Desenvolver e preservar: o desafio amazônico

O Brasil, em geral, e a região Amazônica, em especial, vivem sob o escrutínio de agências de desenvolvimento, ONGs ambientais e governos de diversas partes do mundo. Não poderia ser diferente. Afinal, estamos falando de um país que responde por metade das riquezas geradas na América do Sul e de uma região que concentra vastas áreas de floresta tropical, além de abrigar uma das maiores reservas de água doce do planeta. É nesta atmosfera de vigilância e cobrança que vivem, especialmente, os moradores do estado do Amazonas.

Por conta disso, as discussões sobre o desenvolvimento econômico do estado são permeadas por um intenso (e por que não dizer apaixonado) debate ecológico. É que ao mesmo tempo em que gerou riquezas, a criação da Zona Franca de Manaus (ZFM), que viabilizou o Polo Industrial de Manaus (PIM), acabou criando inúmeras distorções. Locais e nacionais.

Por conta disso, muitos dos defensores da ZFM começam a alertar para a necessidade de se buscar alternativas.
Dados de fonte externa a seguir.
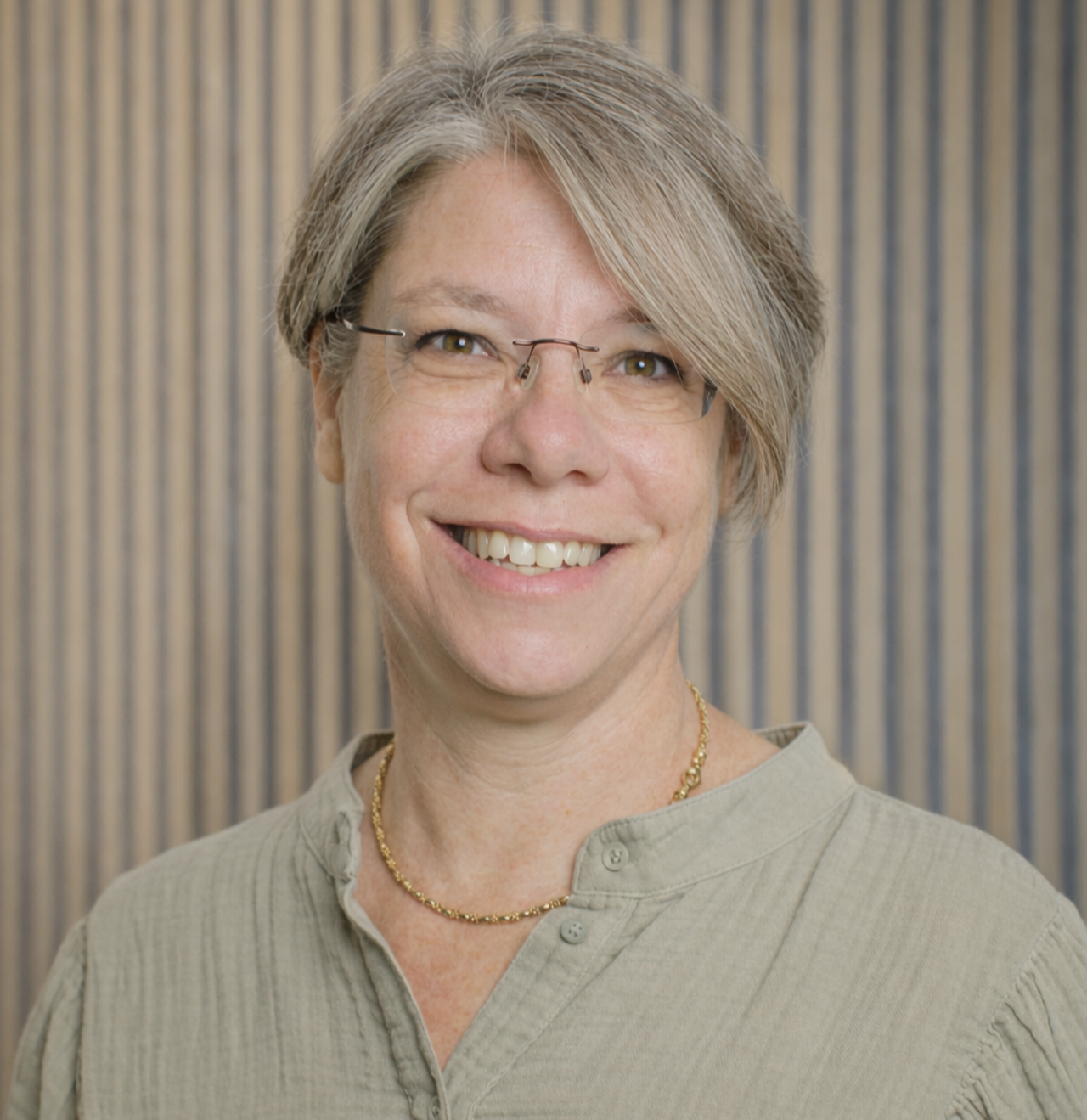Portrait of Ms Nicola Haigh in a sage green shirt, against a wooden slatted wall.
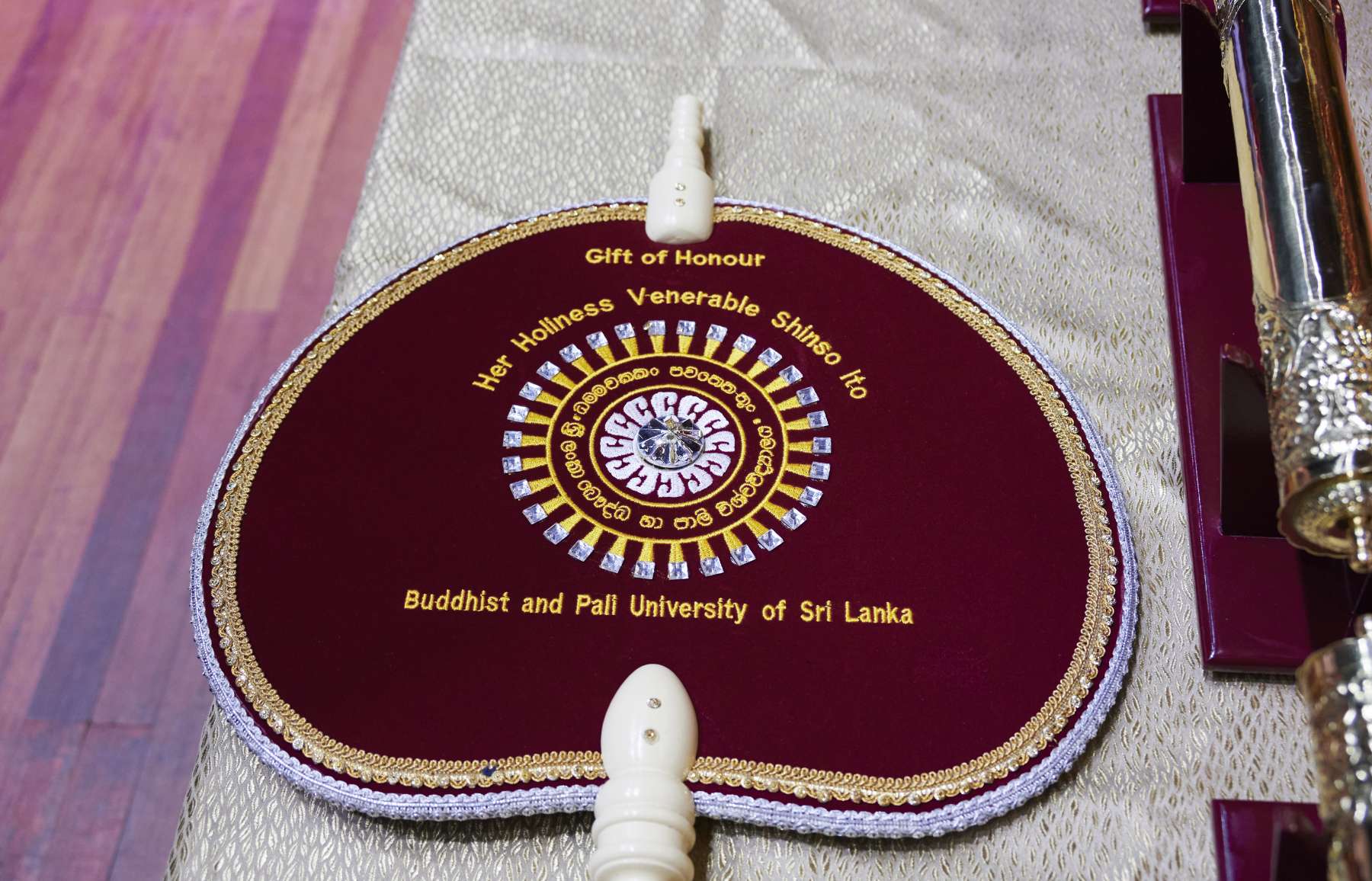 A maroon ceremonial hand-held fan decorated with a circular pattern, Singala letters, and the words, “Gift of Honour, Her Holiness Shinso Ito, Buddhist and Pali University of Sri Lanka.”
E as opções de geração de renda passam pela aposta em negócios sustentáveis, tendo por base os ativos da biodiversidade local.

Esta foi uma das conclusões do encontro realizado nesta sexta-feira, 1/4, no auditório do Centro da Indústria do Estado do Amazonas (CIEAM), situado na região central de Manaus. O debate colocou frente a frente os economistas de orientação liberal Marcos Lisboa, diretor-presidente do Insper, e Zeina Latif, da XP Investimentos, e uma plateia composta de empresários que cresceram e se desenvolveram a partir do modelo de exploração econômica do Estado, fortemente dependente de subsídios federais.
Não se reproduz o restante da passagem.